Only the lines from the one that contains "居室 ｼﾃｨﾊｲﾑなかじま" through the last line of the data below should be duplicated, exactly and without pictures.

■ **INFORMATION GIVEN**:
********
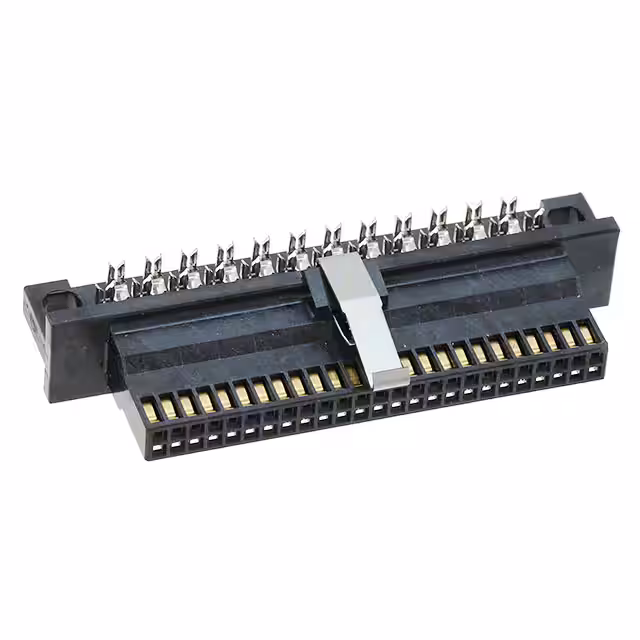 104892-5 TE Connectivity AMP Connectors  Support de panneau suspendu gratuit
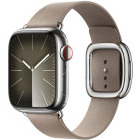 Apple Modern Buckle, 41mm Tan, Large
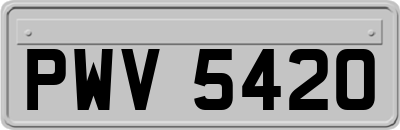 PWV5420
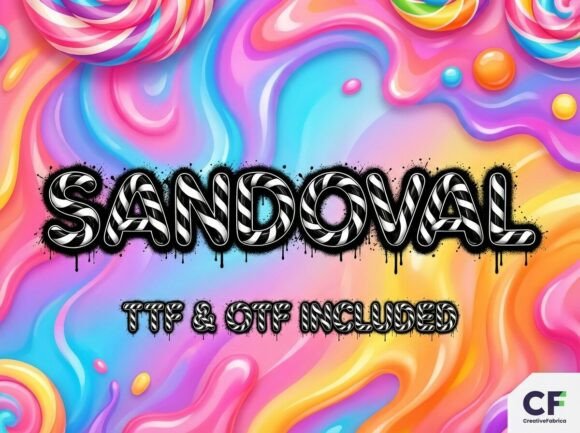 Satisfy Your Craving for High-Energy Design with Sandoval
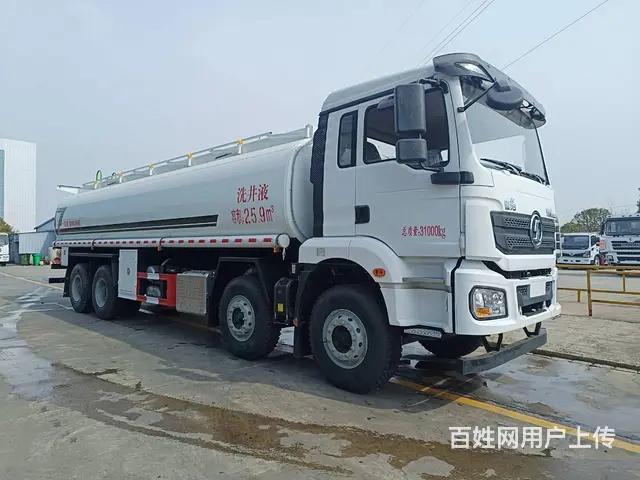 30方拉水车罐体电泳防腐防锈经久耐用 可分期零首付 - 图片 3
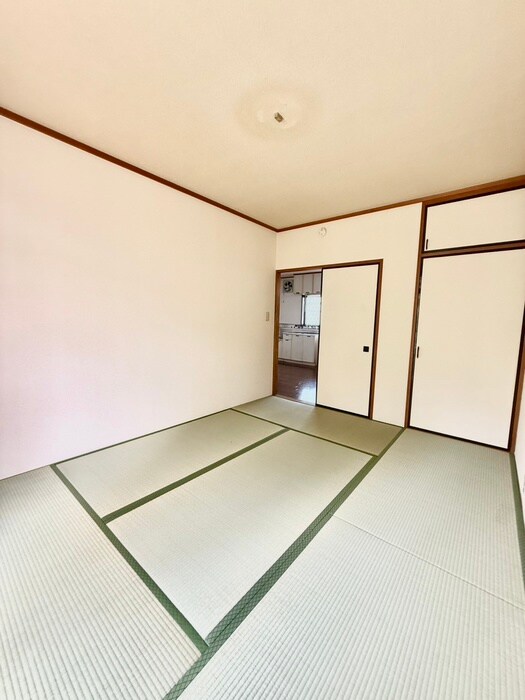 居室 ｼﾃｨﾊｲﾑなかじま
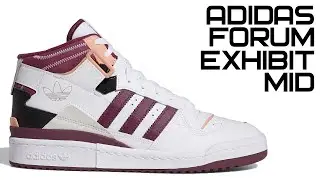ADIDAS FORUM EXHIBIT MID | ОТЛИЧНЫЕ РЕТРО КРОССОВКИ | H01920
********
■ **WRITTEN SOLUTION**:
 居室 ｼﾃｨﾊｲﾑなかじま
ADIDAS FORUM EXHIBIT MID | ОТЛИЧНЫЕ РЕТРО КРОССОВКИ | H01920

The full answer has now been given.